--- Your goal ---
Your output should be the lines from the one containing "Room Essentials Blush" through the end of the listing, exact and inclusive, with no pictures.

--- Dataset extract ---
----------
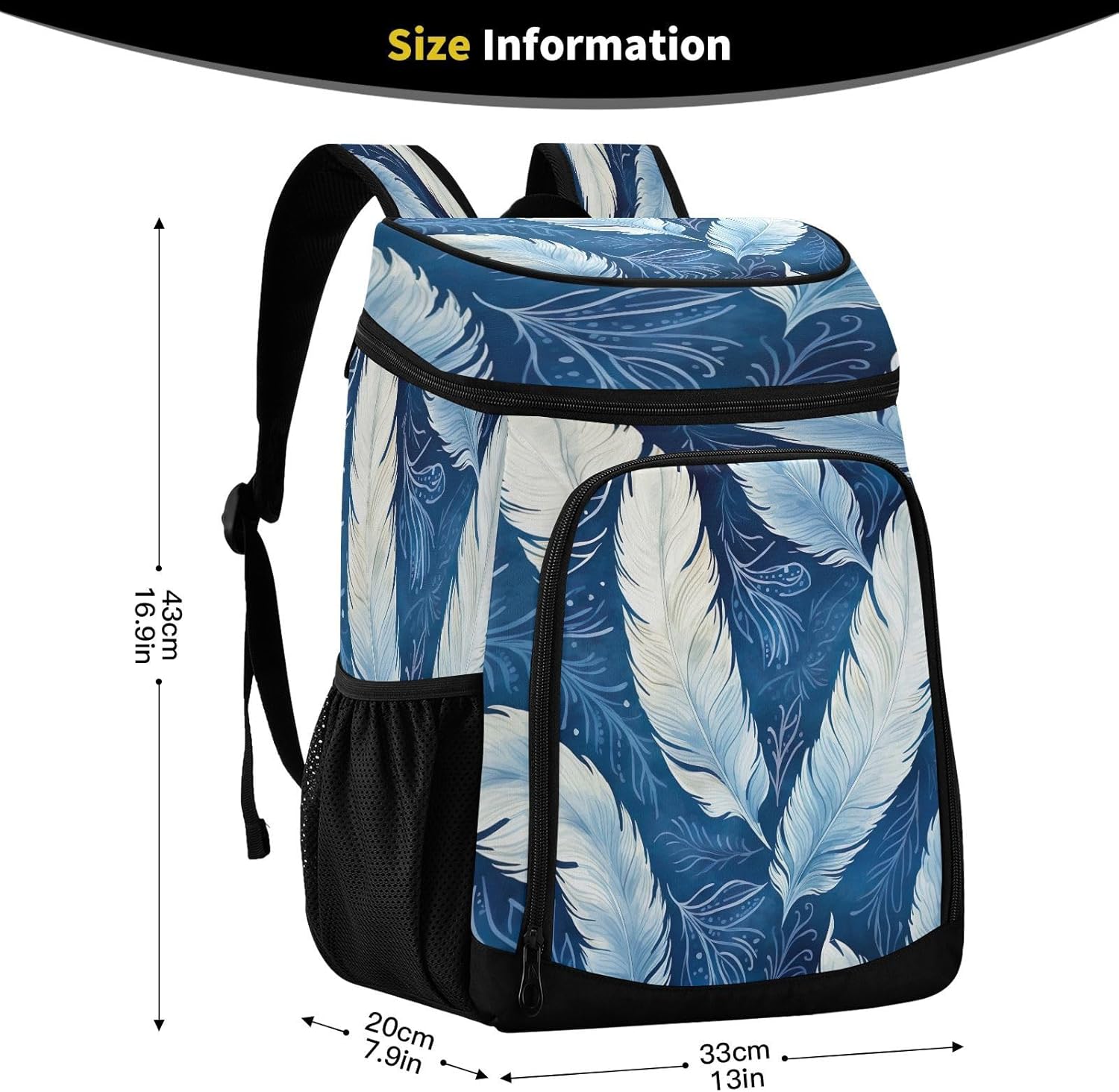 White Feather Cooler Backpack 36 Cans Leakproof Waterproof Backpack Cooler Bag Beach Accessories Travel Camping Fishing Backpack for Women Men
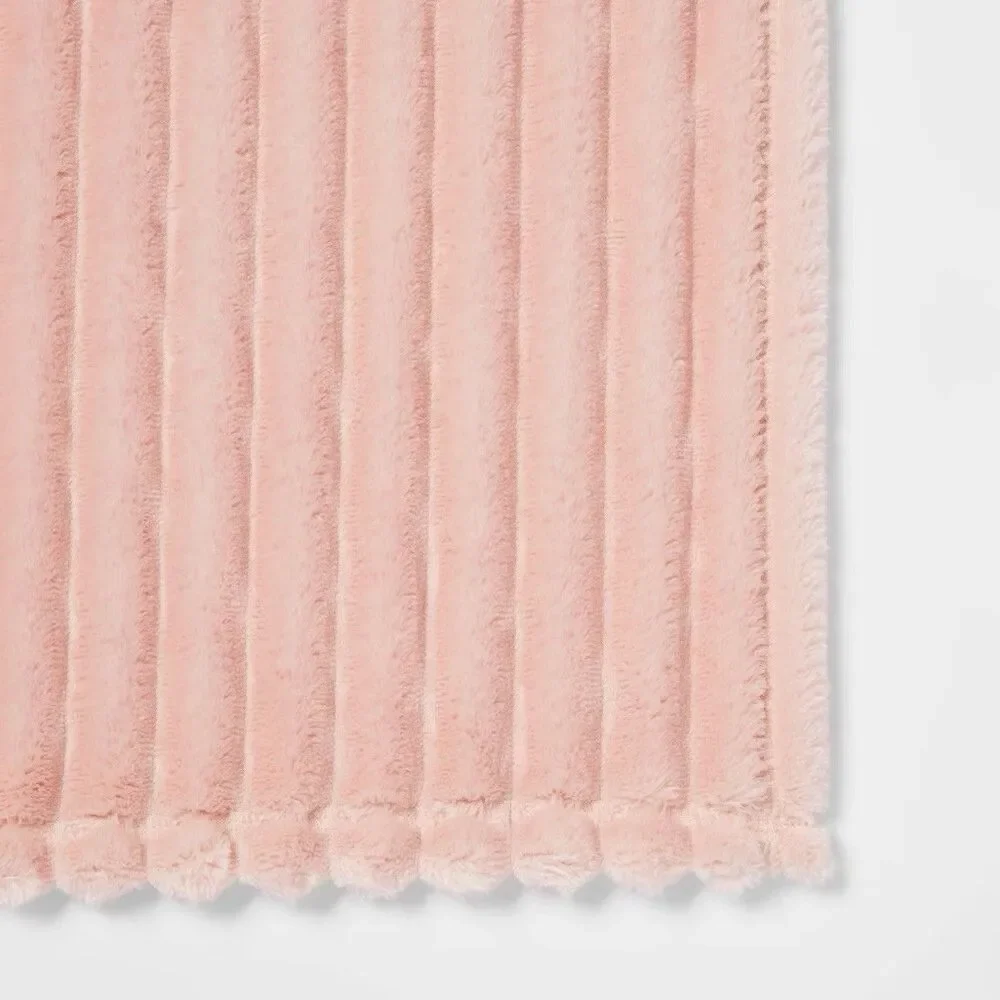 Room Essentials Blush Ribbed Plush Throw Blanket Soft Flannel New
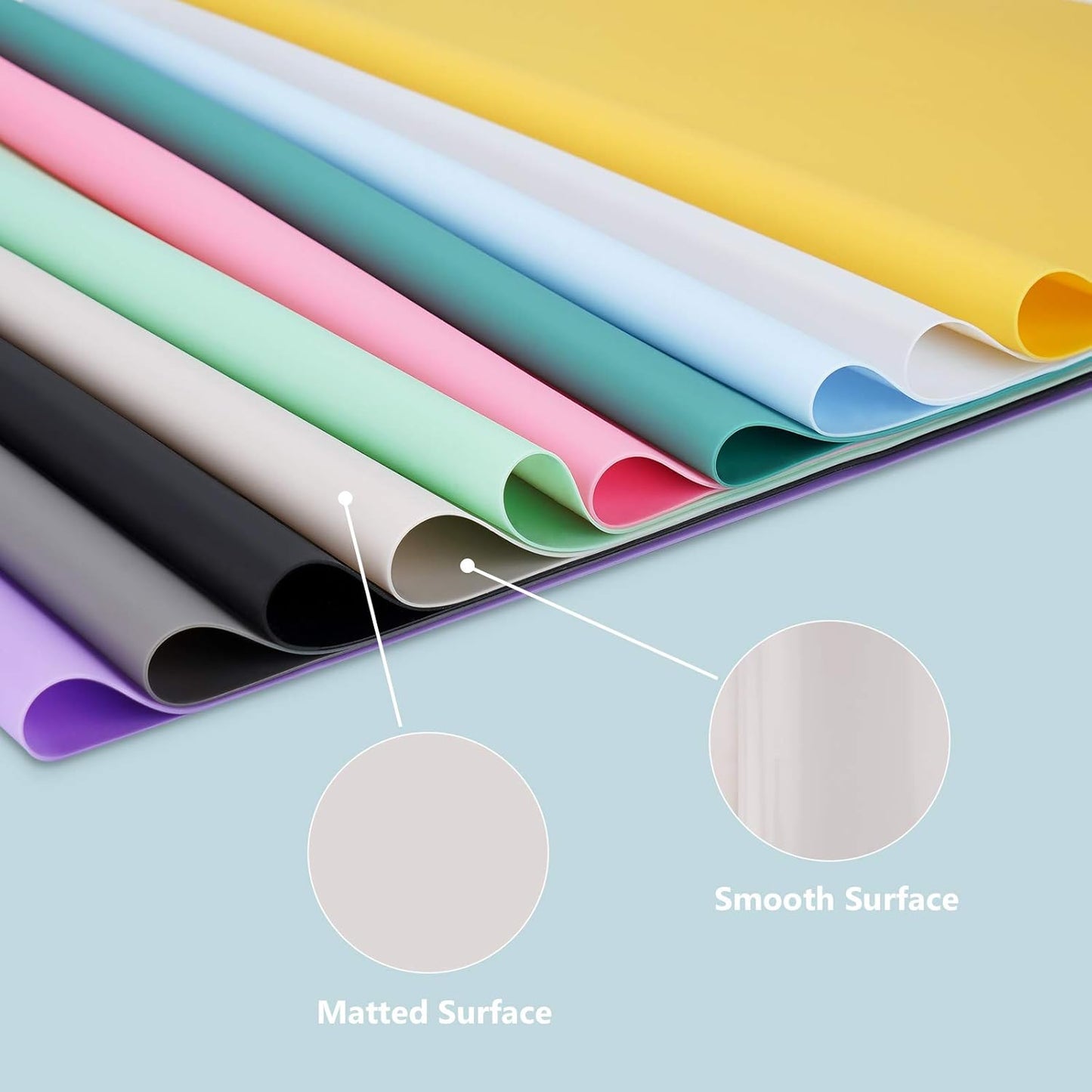 Gartful Silicone Mats for Kitchen Counter, Large Silicone Countertop Protector 25" by 17", Nonskid Heat Resistant Desk Saver Pad, Multipurpose Mat, Placemat, Black, 2PCS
----------
--- Your response ---
 Room Essentials Blush Ribbed Plush Throw Blanket Soft Flannel New
 Gartful Silicone Mats for Kitchen Counter, Large Silicone Countertop Protector 25" by 17", Nonskid Heat Resistant Desk Saver Pad, Multipurpose Mat, Placemat, Black, 2PCS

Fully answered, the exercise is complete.